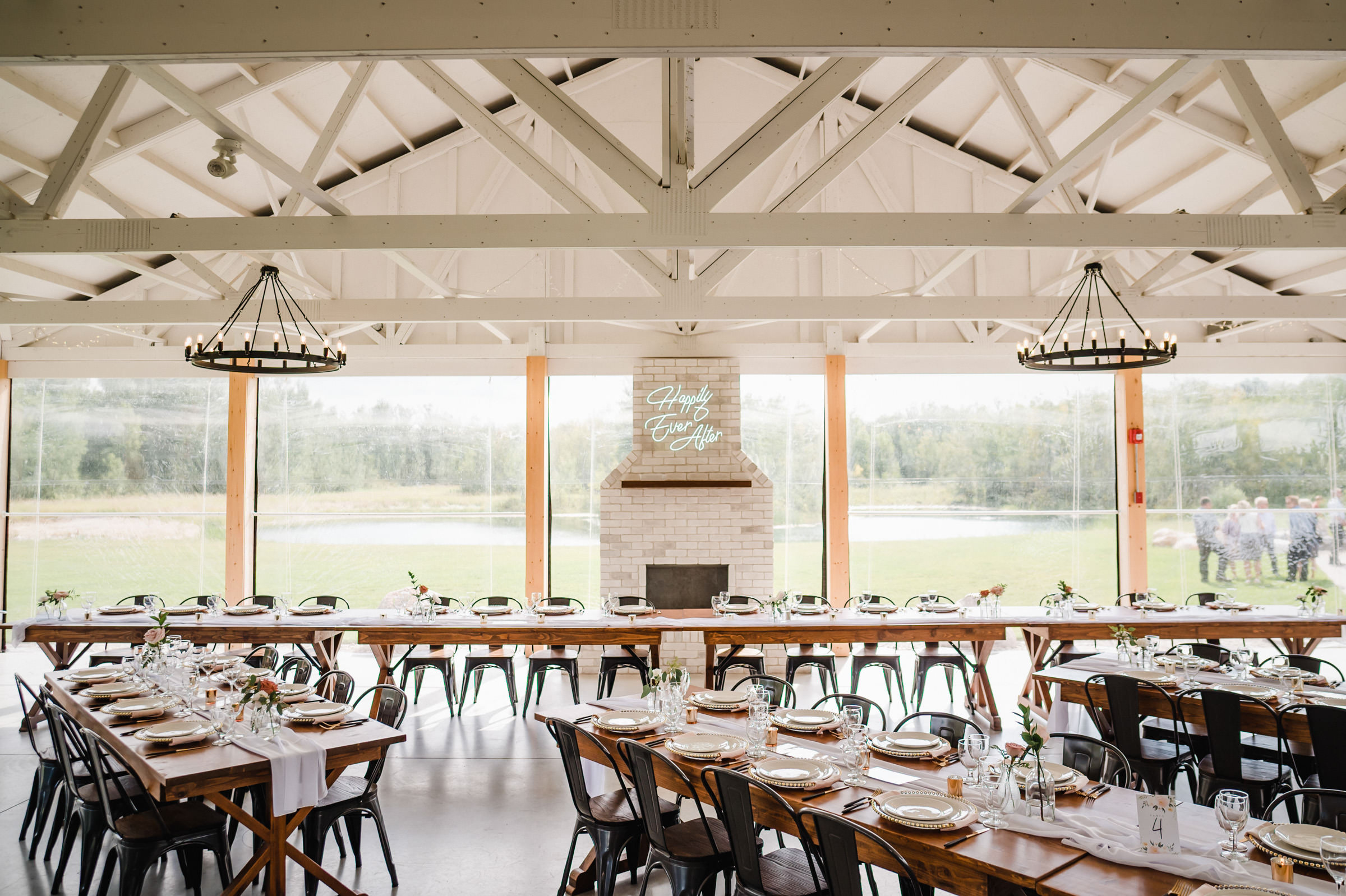 Rustic Winnipeg wedding venue with long tables, wooden beams, and lush greenery views.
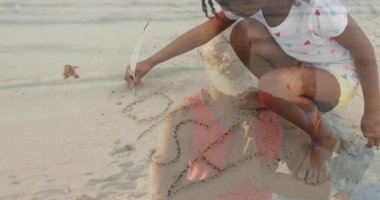 Çocuk kumsalda meditasyon yaparken kuma kalp çiziyor. Meditasyon, rahatlama, yaratıcılık, deniz kenarı, maneviyat, farkındalık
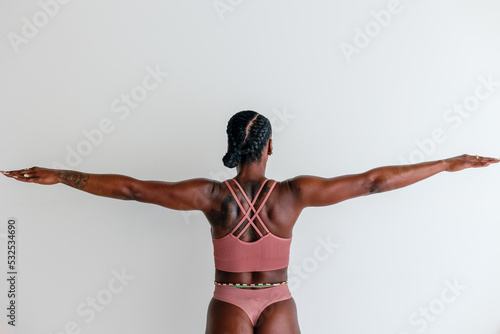 Athletic woman wearing bra and thong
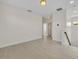 Spacious bonus room with light wood floors, leading to the staircase, with neutral colored walls at 13913 Hahn Ln, Orlando, FL 32827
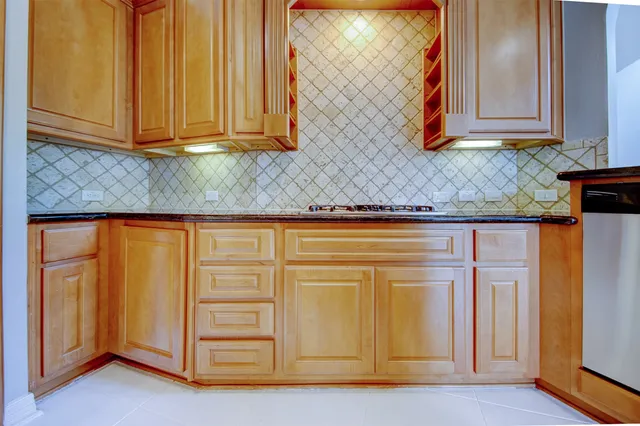 a view of a kitchen with appliances and cabinets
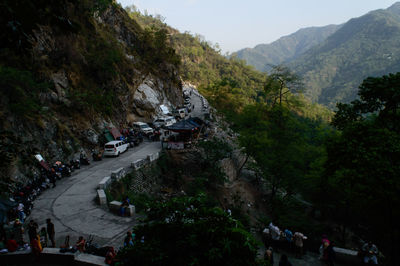 High angle view of people on road by trees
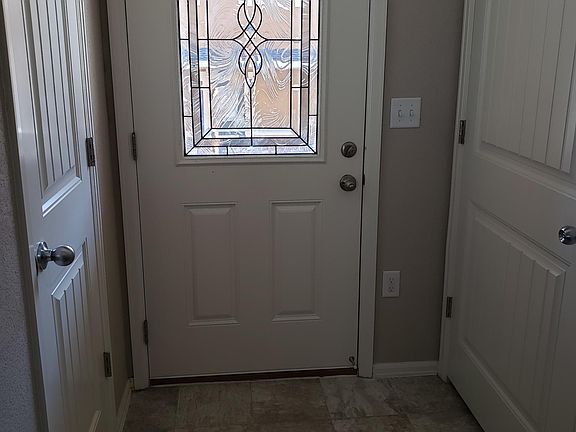 Entrance with coat closet and powder room
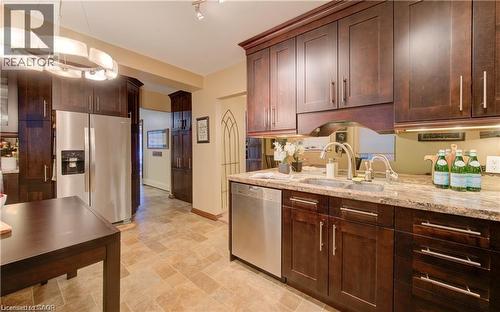The property features a kitchen with dark wood cabinetry, a stainless steel refrigerator, and a stainless steel dishwasher - 48 Dupont Street, Waterloo, ON - Indoor Photo Showing Kitchen With Double Sink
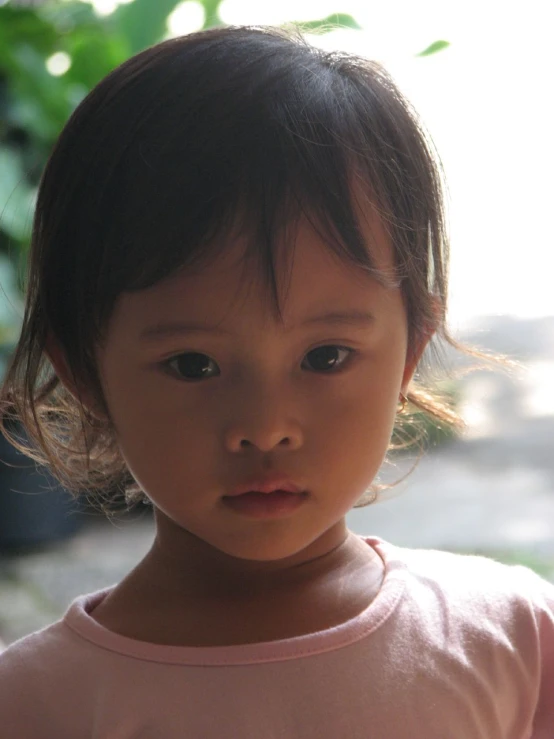 a young child wearing a pink shirt, with a small tree in the background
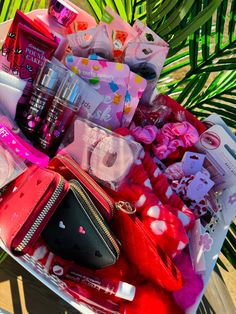 an assortment of cosmetics and other items in a plastic container next to a palm tree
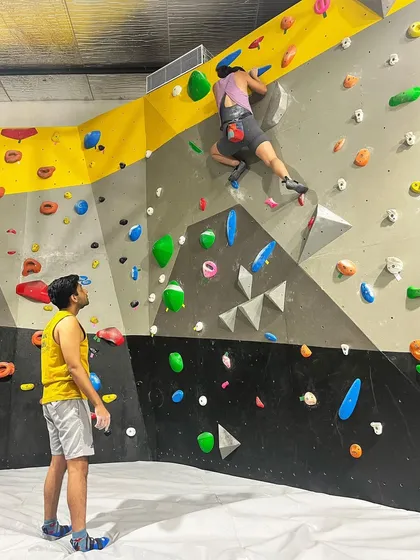 A climber gets some guidance from a spotter on one of our bouldering problems. The community here is all about supporting each other and figuring out the beta together.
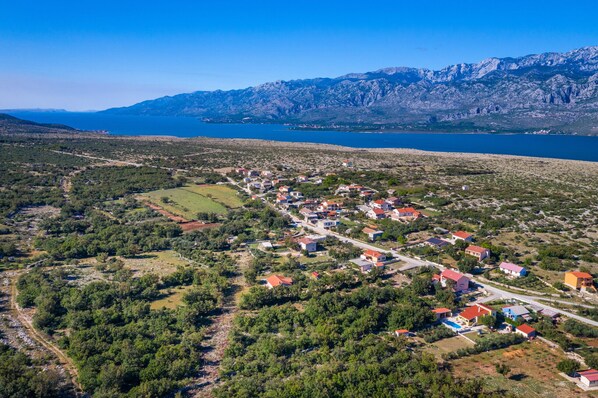 Vista aérea de un pueblo costero con casas, una carretera y una extensa masa de agua con montañas al fondo.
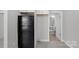 Kitchen area with black refrigerator and view into the updated bathroom at 310 Pineview St, Kannapolis, NC 28083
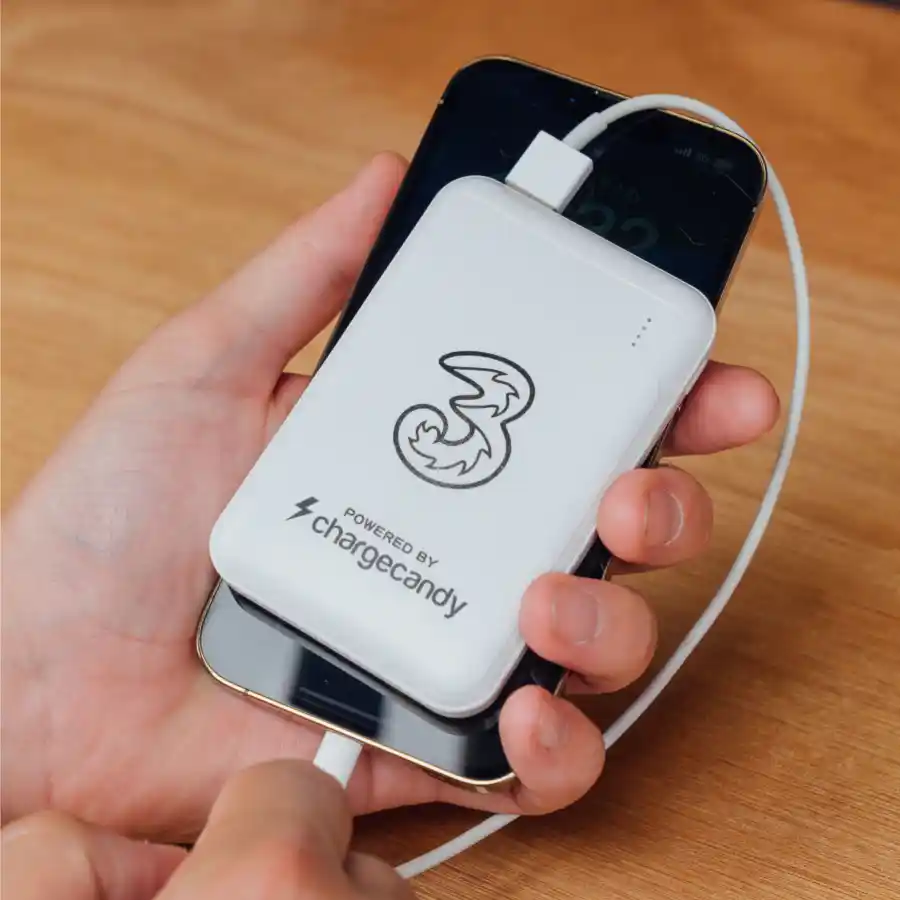 A hand holds a smartphone connected to a white power bank featuring the number "3" and "powered by chargecandy" logo, on a wooden table.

> Assignment:
Repeat the data verbatim through the "Entrance with coat closet and powder room" line, no pictures.

> Problem solution:
 Rustic Winnipeg wedding venue with long tables, wooden beams, and lush greenery views.
 Çocuk kumsalda meditasyon yaparken kuma kalp çiziyor. Meditasyon, rahatlama, yaratıcılık, deniz kenarı, maneviyat, farkındalık
 Athletic woman wearing bra and thong
 Spacious bonus room with light wood floors, leading to the staircase, with neutral colored walls at 13913 Hahn Ln, Orlando, FL 32827
 a view of a kitchen with appliances and cabinets
 High angle view of people on road by trees
 Entrance with coat closet and powder room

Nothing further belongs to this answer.